Le plus incroyable arriva, il y a vingt ans, à la petite fille d'Inès baptisée Juana du nom de son aïeule, qui fut déclarée morte à la suite d'une infection pulmonaire.

Inhumée le jour même de son décès, comme le furent sa mère et son aïeule, elle séjourna deux jours au cimetière avant d'en être exhumée à la demande de sa famille en vue d'un second service funèbre.

Dans son cas aussi, le miracle s'accomplit. Lorsque l'on ouvrit son cerceuil après que l'assistance eut entendu des bruits suspects, des toussotements et divers soupirs, on vit apparaître l'enfant bien en vie, les yeux ouverts et la bouche souriante malgré les quarante-huit heures passées sous terre.

Juana survécut, et, paraît-il vit toujours (2004).

Quant au Dr Jimenez il fut attaqué par la famille pour ce permis d'inhumer quelque peu hâtif rédigé selon les enquêteurs, en "état d'ébriété".

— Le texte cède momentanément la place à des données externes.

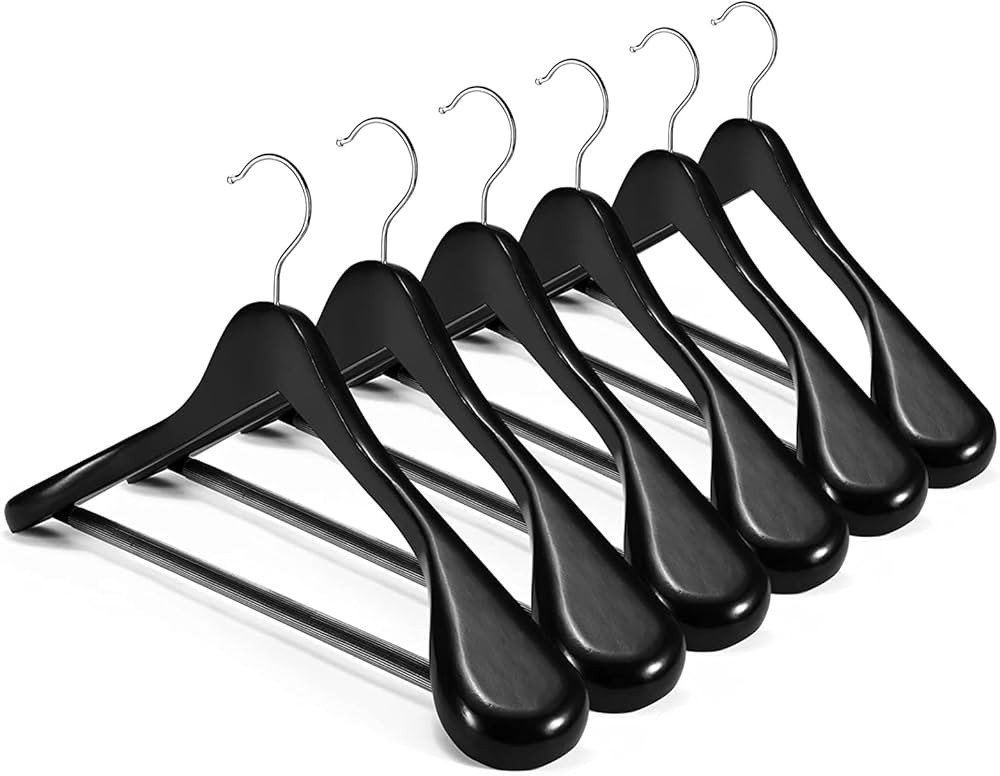 HOUSE DAY High-Grade Suit Hangers, Wide Shoulder Wooden Hangers with Non Slip Pants Bar, Smooth F... | Amazon (US)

L'affaire fit grand bruit en Espagne et les autorités ayant pris conscience du risque engendré par l'habitude de mettre les morts en terre dans la journée même de leur supposé décès, envisagèrent de faire voter une loi exigeant un examen plus fiable de la personne décédée et un délai d'au moins trois jours avant les funérailles.